What is required
Copy verbatim the material from its first line to the line that holds "Predam gitarove efekty", including that line.

Study material
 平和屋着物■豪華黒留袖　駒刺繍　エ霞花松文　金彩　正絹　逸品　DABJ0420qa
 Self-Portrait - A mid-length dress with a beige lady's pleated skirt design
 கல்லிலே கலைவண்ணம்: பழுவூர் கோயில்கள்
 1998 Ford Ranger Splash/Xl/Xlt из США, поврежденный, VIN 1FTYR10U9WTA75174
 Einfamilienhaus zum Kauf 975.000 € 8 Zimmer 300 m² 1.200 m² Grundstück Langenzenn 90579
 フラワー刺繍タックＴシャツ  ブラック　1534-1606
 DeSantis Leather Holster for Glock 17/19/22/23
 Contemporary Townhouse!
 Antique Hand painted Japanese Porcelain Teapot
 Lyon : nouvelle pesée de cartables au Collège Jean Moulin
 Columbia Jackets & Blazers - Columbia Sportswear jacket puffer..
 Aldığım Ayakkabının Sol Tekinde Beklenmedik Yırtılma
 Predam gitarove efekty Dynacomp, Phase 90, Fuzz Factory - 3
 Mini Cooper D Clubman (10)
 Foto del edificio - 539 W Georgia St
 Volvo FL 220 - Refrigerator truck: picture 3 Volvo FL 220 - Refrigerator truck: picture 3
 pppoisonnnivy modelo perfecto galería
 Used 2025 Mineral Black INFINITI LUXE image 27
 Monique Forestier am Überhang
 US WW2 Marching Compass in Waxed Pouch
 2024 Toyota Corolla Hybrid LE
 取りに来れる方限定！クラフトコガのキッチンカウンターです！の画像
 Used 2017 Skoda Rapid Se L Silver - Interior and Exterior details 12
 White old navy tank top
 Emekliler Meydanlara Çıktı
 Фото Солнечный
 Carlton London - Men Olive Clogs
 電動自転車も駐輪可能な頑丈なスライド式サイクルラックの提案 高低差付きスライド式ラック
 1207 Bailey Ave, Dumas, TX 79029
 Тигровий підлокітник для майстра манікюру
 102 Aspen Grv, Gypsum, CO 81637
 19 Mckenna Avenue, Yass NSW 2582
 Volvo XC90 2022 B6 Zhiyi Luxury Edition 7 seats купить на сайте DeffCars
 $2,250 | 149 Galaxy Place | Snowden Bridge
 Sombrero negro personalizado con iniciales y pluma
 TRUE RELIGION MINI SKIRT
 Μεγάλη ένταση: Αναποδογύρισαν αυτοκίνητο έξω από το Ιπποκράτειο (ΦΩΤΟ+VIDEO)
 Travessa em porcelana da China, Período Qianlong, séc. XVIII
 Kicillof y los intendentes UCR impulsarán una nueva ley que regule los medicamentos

Solution to the problem
 平和屋着物■豪華黒留袖　駒刺繍　エ霞花松文　金彩　正絹　逸品　DABJ0420qa
 Self-Portrait - A mid-length dress with a beige lady's pleated skirt design
 கல்லிலே கலைவண்ணம்: பழுவூர் கோயில்கள்
 1998 Ford Ranger Splash/Xl/Xlt из США, поврежденный, VIN 1FTYR10U9WTA75174
 Einfamilienhaus zum Kauf 975.000 € 8 Zimmer 300 m² 1.200 m² Grundstück Langenzenn 90579
 フラワー刺繍タックＴシャツ  ブラック　1534-1606
 DeSantis Leather Holster for Glock 17/19/22/23
 Contemporary Townhouse!
 Antique Hand painted Japanese Porcelain Teapot
 Lyon : nouvelle pesée de cartables au Collège Jean Moulin
 Columbia Jackets & Blazers - Columbia Sportswear jacket puffer..
 Aldığım Ayakkabının Sol Tekinde Beklenmedik Yırtılma
 Predam gitarove efekty Dynacomp, Phase 90, Fuzz Factory - 3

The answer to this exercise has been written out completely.